**Task inputs:**
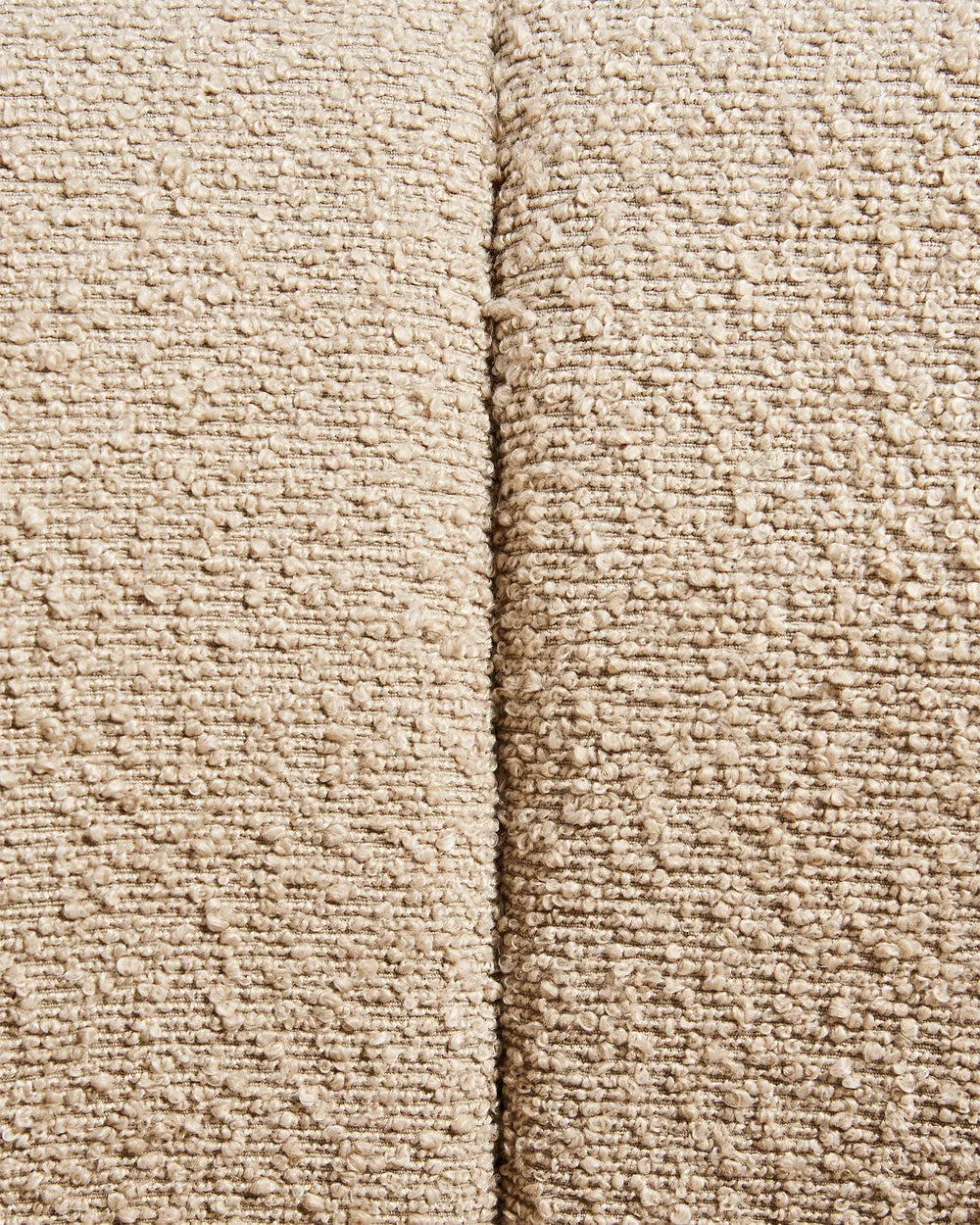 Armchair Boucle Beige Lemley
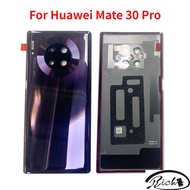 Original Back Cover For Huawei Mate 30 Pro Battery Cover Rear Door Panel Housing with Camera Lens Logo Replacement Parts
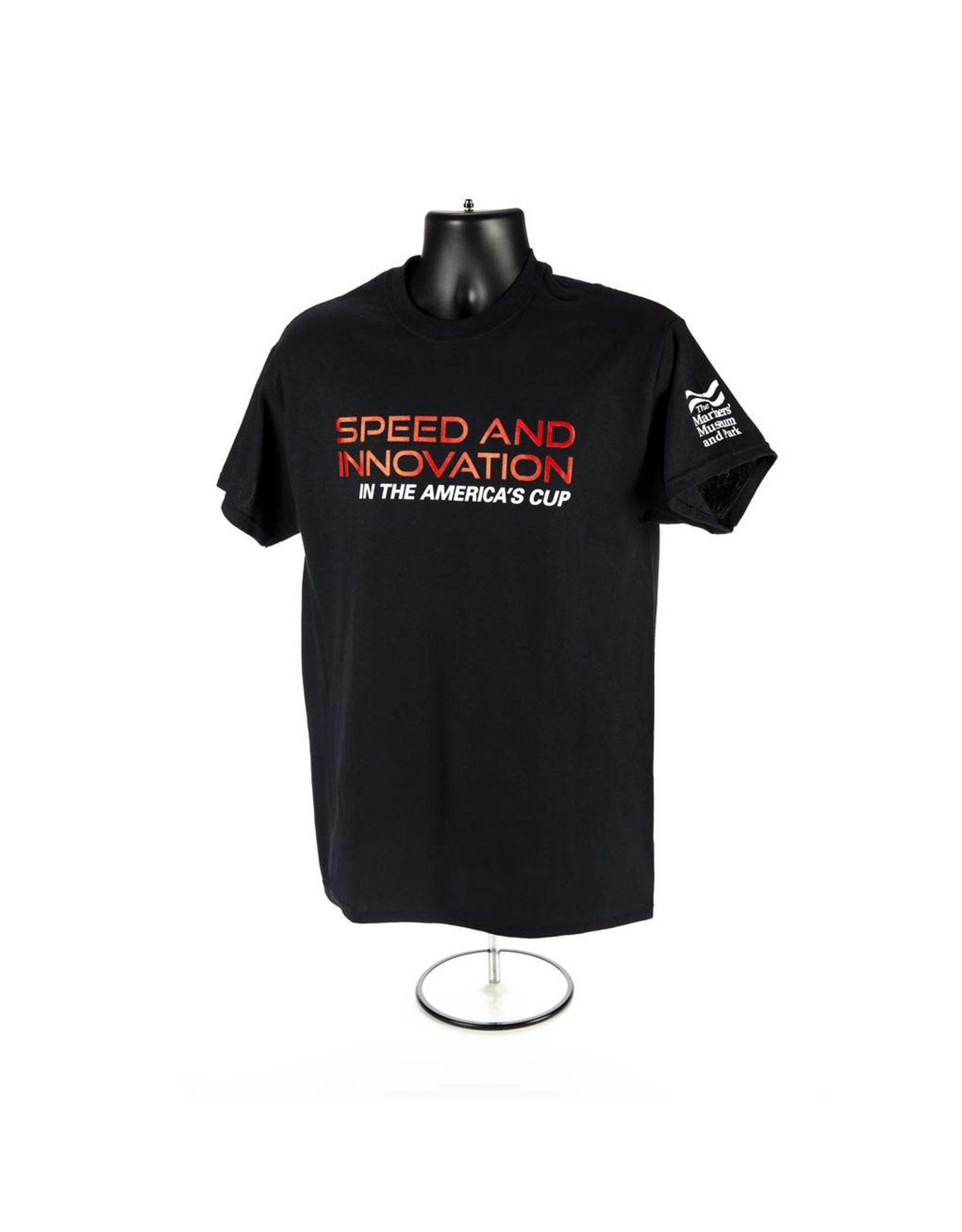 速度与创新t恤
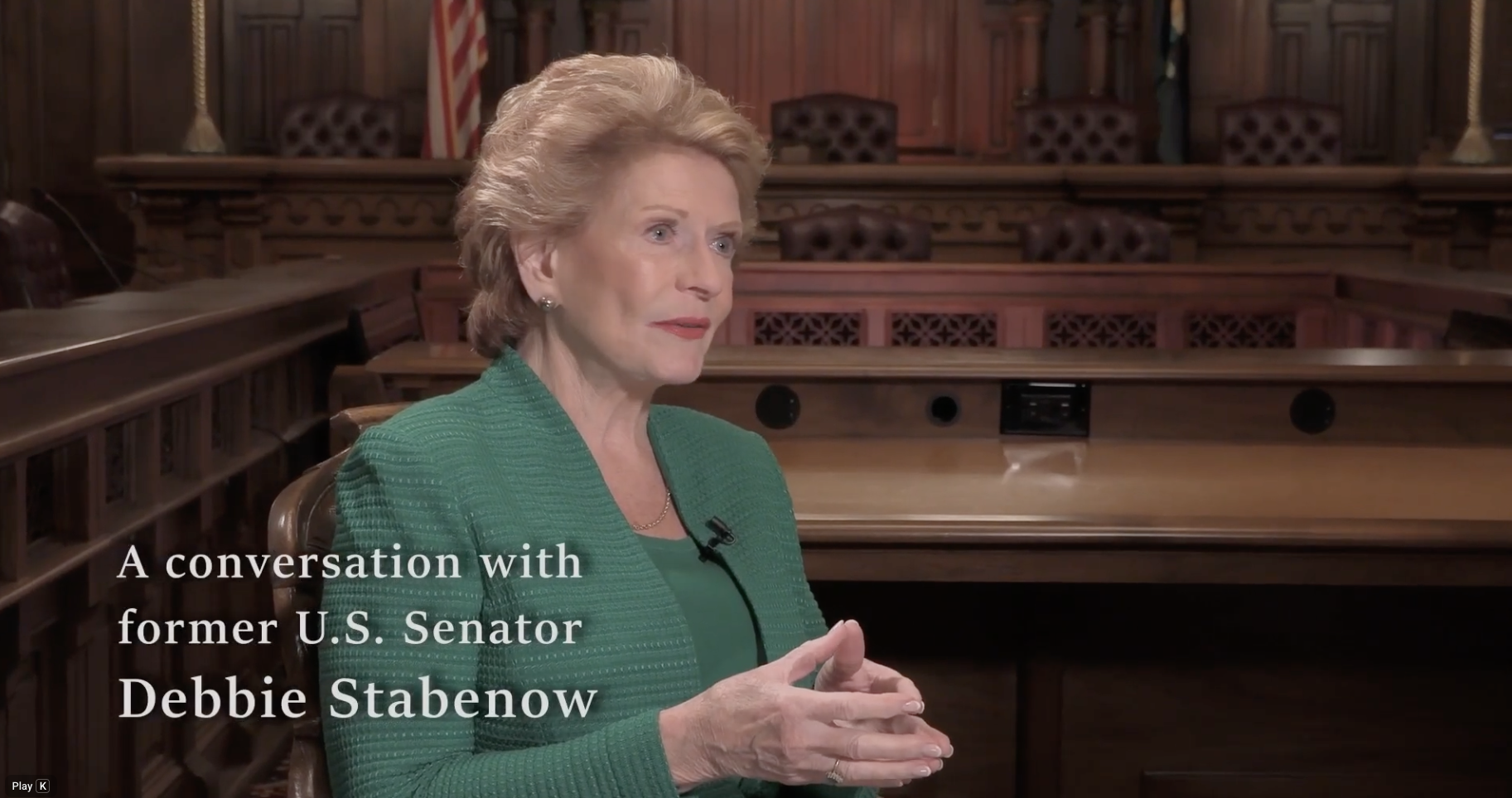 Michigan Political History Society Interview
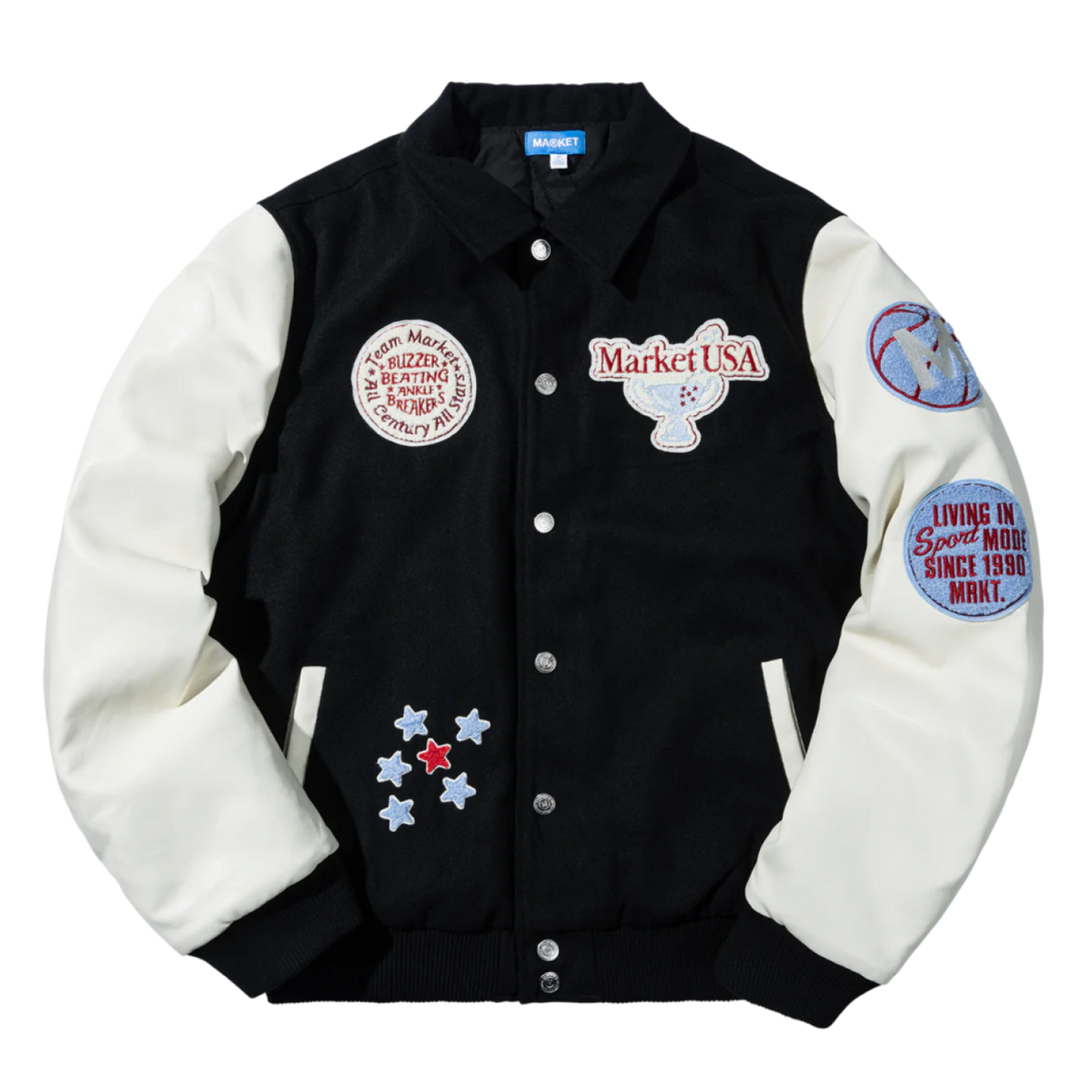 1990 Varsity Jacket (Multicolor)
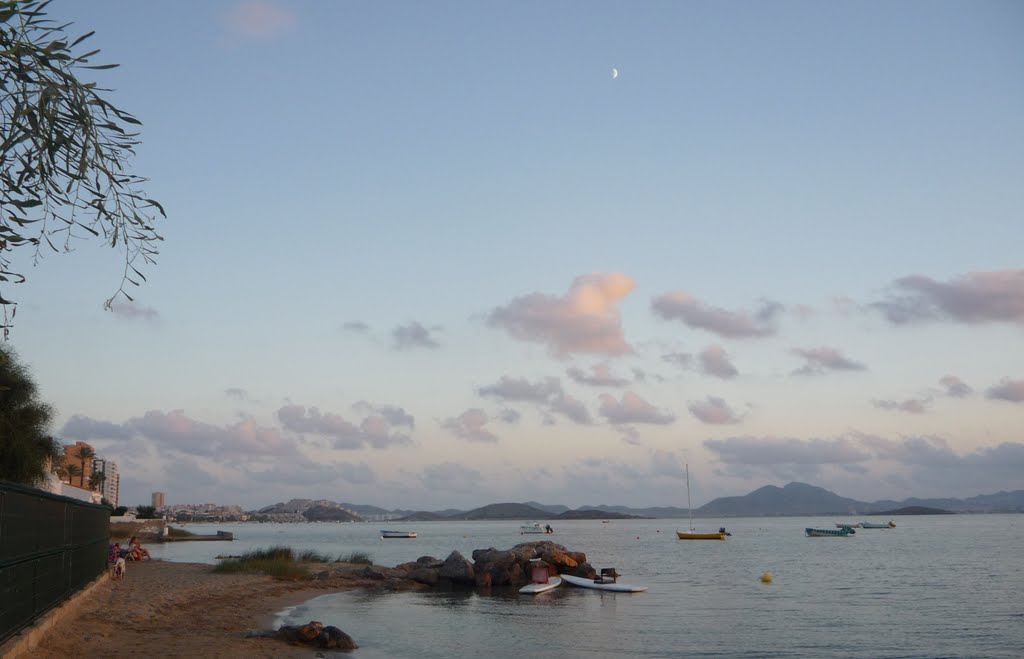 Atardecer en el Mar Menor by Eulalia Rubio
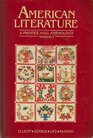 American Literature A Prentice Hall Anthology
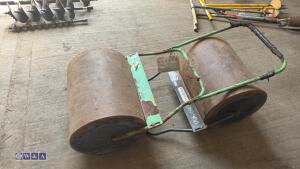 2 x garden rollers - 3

**Task brief:**
When you reach an image, pass over it, and retype all other material exactly.

**Finished task:**
 Armchair Boucle Beige Lemley
 Original Back Cover For Huawei Mate 30 Pro Battery Cover Rear Door Panel Housing with Camera Lens Logo Replacement Parts
 速度与创新t恤
 Michigan Political History Society Interview
 1990 Varsity Jacket (Multicolor)
 Atardecer en el Mar Menor by Eulalia Rubio
 American Literature A Prentice Hall Anthology
 2 x garden rollers - 3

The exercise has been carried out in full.